First attempts on terrain testing my DIY Motorized Camera Sliders. Was too big and heavy for backpacking, plus the battery and the controller. Because that the center 3/8 screw mount is not enough to keep well balanced and steady on a 3047 manfrotto head, needing extra support in one of its ends.
Some pictures from the first attempt and the materials, 1"x2"wood lumber, ball bearing pulleys, zinc-plated angles, metal plates, etc.
Many years ago I built a camera crane by recycling and repurposing different objects, it was a sturdy and heavy tool capable of supporting a sizeable vhs camera.
Now, I started to do some time lapses and needed to add some movement to the shots. It also allowed me to make some doll-like movements with more control when I’m working on product shots in my studio.
Ater buying a long camera slider (40”/100cm) I realized how hard it is to produce a smooth displacement of the carriage with the camera by hand, because of that I was scouring, month after month, through DIY websites and Video tutorials, taking notes, analyzing the best solutions and prices for the different parts.

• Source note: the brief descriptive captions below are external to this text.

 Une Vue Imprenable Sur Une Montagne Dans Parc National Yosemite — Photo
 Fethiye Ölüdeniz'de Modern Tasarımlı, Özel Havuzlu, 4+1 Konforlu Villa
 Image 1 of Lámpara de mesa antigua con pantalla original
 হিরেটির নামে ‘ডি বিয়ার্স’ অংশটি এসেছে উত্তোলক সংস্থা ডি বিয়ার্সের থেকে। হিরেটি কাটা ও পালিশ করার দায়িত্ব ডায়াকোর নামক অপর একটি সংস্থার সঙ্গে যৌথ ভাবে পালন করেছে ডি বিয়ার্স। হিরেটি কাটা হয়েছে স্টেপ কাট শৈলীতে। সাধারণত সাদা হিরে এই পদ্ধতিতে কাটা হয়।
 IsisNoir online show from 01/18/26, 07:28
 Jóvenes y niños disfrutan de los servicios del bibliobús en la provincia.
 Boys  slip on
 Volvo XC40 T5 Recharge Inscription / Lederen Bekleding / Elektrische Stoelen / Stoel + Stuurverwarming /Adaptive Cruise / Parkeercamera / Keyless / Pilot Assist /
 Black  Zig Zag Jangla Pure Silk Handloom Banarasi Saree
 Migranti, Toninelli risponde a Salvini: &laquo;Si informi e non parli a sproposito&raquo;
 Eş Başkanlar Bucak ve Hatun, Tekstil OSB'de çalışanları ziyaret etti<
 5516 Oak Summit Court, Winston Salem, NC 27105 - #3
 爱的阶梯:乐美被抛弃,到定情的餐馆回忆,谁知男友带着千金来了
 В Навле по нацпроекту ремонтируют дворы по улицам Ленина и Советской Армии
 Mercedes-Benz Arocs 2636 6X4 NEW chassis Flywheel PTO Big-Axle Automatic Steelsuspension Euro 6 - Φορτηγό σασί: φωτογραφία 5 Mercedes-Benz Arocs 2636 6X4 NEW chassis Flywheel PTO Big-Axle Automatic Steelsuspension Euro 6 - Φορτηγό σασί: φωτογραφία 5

Once I gathered all the necessary parts, pieces, and information, I started doing some technical sketches about possible solutions, like position of the motor, pulleys and belts, while also thinking about power solutions like the battery or power outlet.
I spent a couple of weeks cutting, drilling, soldering. In the end the final product ended up being quite useful for time lapse and product shots. The high torque motor works at 30 rpm, but is diminishable with an electronic motor controller, able to displace a regular Ball Head and DSRL Camera with a 70-300mm from 0 to 90 degrees inclination.
In the near future I’m planning to have 2 interchangeable motors, one of 120rpm and other of 5rpm.